Kubernetes distinguishes between two categories of disruption. This distinction determines whether PDBs have any effect.

These are planned, controllable events initiated by a human or an automated system through the Kubernetes API:

  • kubectl drain (node maintenance, OS upgrades)
  • Cluster autoscaler scaling down underutilized nodes
  • Deployment rolling updates
  • Manual pod eviction via the eviction API
  • Cluster upgrades
  • Spot instance reclamation (when using preemptible VMs with proper integration)

PDBs are respected during all voluntary disruptions. The system checks the PDB before evicting a pod and blocks the eviction if it would violate the budget.

These are unplanned, uncontrollable events:

  • Node hardware failure
  • Kernel panic
  • OOM killer terminating a container
  • Cloud provider VM deletion
  • Network partition isolating a node

PDBs have no effect on involuntary disruptions. The pod is already gone before anything can check a budget. You cannot prevent a hardware failure with a YAML file.

This is a key understanding: PDBs protect against operational actions, not infrastructure failures. For infrastructure failures, you need replicas, anti-affinity rules, and multi-zone deployments.

The eviction API is the mechanism that enforces PDBs. It is the “polite” way to remove a pod.

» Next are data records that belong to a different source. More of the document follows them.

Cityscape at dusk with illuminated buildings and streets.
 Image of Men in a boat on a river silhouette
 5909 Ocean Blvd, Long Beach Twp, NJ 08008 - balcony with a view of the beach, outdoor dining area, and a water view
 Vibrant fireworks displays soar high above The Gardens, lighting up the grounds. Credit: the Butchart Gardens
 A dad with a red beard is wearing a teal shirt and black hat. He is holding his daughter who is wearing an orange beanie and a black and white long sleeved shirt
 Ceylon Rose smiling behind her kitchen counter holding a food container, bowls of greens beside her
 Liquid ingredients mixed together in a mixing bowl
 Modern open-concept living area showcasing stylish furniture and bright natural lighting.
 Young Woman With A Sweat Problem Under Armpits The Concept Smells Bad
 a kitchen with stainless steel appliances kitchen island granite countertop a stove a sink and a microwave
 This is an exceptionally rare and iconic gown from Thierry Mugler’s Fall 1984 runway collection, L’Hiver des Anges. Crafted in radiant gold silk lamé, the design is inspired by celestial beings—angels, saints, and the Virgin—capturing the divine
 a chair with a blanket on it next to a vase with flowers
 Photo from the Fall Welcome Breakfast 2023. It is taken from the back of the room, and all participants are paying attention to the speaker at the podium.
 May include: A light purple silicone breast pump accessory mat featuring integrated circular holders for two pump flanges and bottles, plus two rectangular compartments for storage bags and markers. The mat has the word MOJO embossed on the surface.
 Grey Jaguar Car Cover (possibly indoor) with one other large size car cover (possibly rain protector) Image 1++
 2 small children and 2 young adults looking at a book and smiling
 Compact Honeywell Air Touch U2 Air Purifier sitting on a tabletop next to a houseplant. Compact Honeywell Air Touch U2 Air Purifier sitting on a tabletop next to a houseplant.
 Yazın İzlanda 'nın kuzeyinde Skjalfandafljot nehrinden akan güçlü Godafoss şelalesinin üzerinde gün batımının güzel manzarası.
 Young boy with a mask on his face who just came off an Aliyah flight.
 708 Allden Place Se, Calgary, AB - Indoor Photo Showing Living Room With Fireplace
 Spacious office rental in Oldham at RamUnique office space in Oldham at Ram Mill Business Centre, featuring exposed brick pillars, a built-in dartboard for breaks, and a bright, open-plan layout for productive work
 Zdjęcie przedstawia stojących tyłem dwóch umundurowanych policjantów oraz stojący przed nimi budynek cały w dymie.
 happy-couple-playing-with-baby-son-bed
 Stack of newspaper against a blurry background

When something wants to evict a pod (kubectl drain, cluster autoscaler, etc.), it sends a POST request to:

POST /api/v1/namespaces/{namespace}/pods/{pod}/eviction

The API server intercepts this request and:

  1. Finds all PDBs that select the target pod.
  2. Calculates whether evicting this pod would violate any PDB.
  3. If the eviction would violate a PDB, returns 429 Too Many Requests or 500 with a retry-after header.
  4. If the eviction is allowed, the pod is terminated (SIGTERM, grace period, SIGKILL).

kubectl delete pod bypasses PDBs entirely. It sends a DELETE request, not an eviction. The API server does not check PDBs for DELETE requests.

This is intentional. kubectl delete pod is for emergency situations. The eviction API is for planned maintenance.

kubectl drain uses the eviction API internally. If a PDB blocks an eviction, kubectl drain waits and retries. You see messages like:

evicting pod "web-app-xyz"
error when evicting pods/"web-app-xyz" -n "pdb-demo":
Cannot evict pod as it would violate the pod's disruption budget.

The drain command keeps retrying until the PDB allows the eviction or a timeout is reached.

A PDB selects pods using the same label selector mechanism as Deployments, Services, and other controllers.

apiVersion: policy/v1
kind: PodDisruptionBudget
metadata:
name: web-app-pdb
namespace: pdb-demo
spec:
minAvailable: 2
selector:
matchLabels:
app: web-app

At least 2 pods matching app: web-app must remain running. If 4 replicas exist, 2 can be evicted. If 2 replicas exist, none can be evicted.

apiVersion: policy/v1
kind: PodDisruptionBudget
metadata:
name: web-app-pdb-alt
namespace: pdb-demo
spec:
maxUnavailable: 1
selector:
matchLabels:
app: web-app

At most 1 pod can be unavailable at any time. With 4 replicas, 1 can be evicted. With 100 replicas, still only 1 can be evicted.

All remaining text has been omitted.